**Given information:**
^^^^

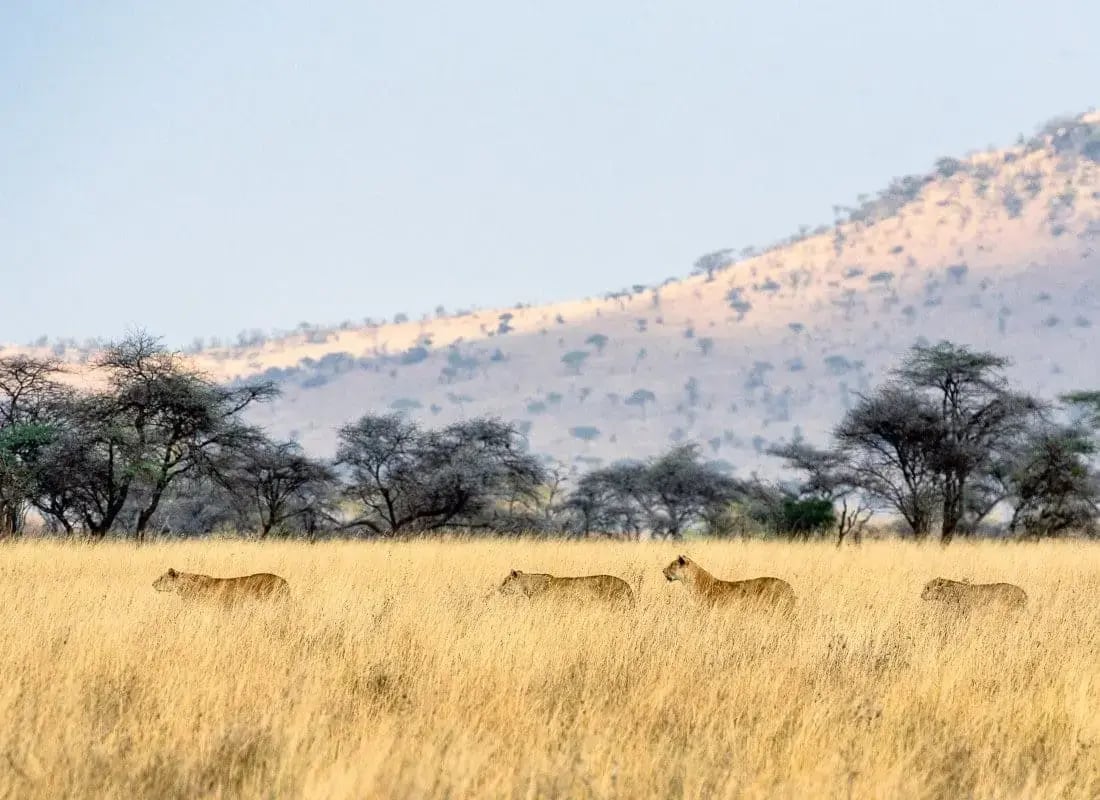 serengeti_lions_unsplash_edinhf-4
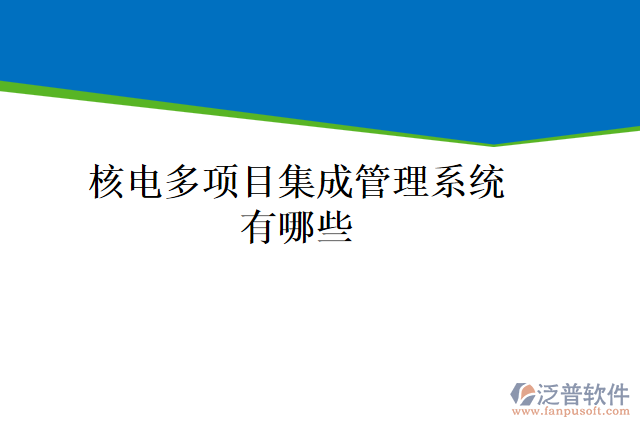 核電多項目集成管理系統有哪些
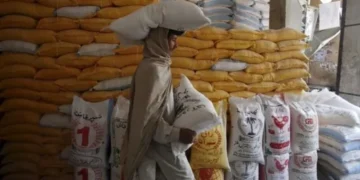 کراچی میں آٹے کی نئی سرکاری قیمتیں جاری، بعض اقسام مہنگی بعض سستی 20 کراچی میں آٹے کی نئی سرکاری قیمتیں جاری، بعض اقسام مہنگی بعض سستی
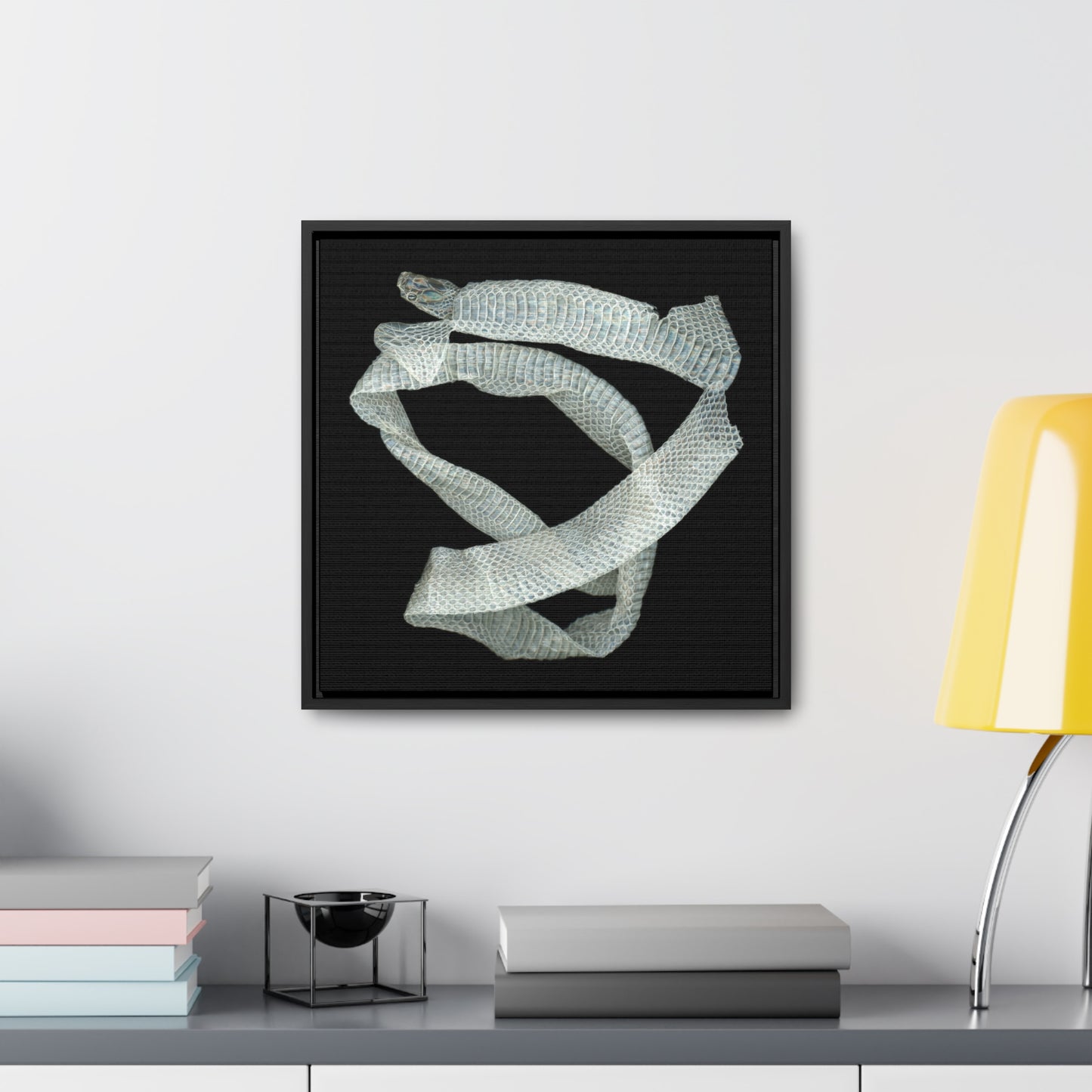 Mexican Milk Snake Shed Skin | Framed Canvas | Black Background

^^^^

**Assignment:** Exact copies of the lines from the one containing "核電多項目集成管理系統有哪些" through the final line of the data are required; pictures are to be omitted.

**Exercise response:**
 核電多項目集成管理系統有哪些
 کراچی میں آٹے کی نئی سرکاری قیمتیں جاری، بعض اقسام مہنگی بعض سستی 20 کراچی میں آٹے کی نئی سرکاری قیمتیں جاری، بعض اقسام مہنگی بعض سستی
 Mexican Milk Snake Shed Skin | Framed Canvas | Black Background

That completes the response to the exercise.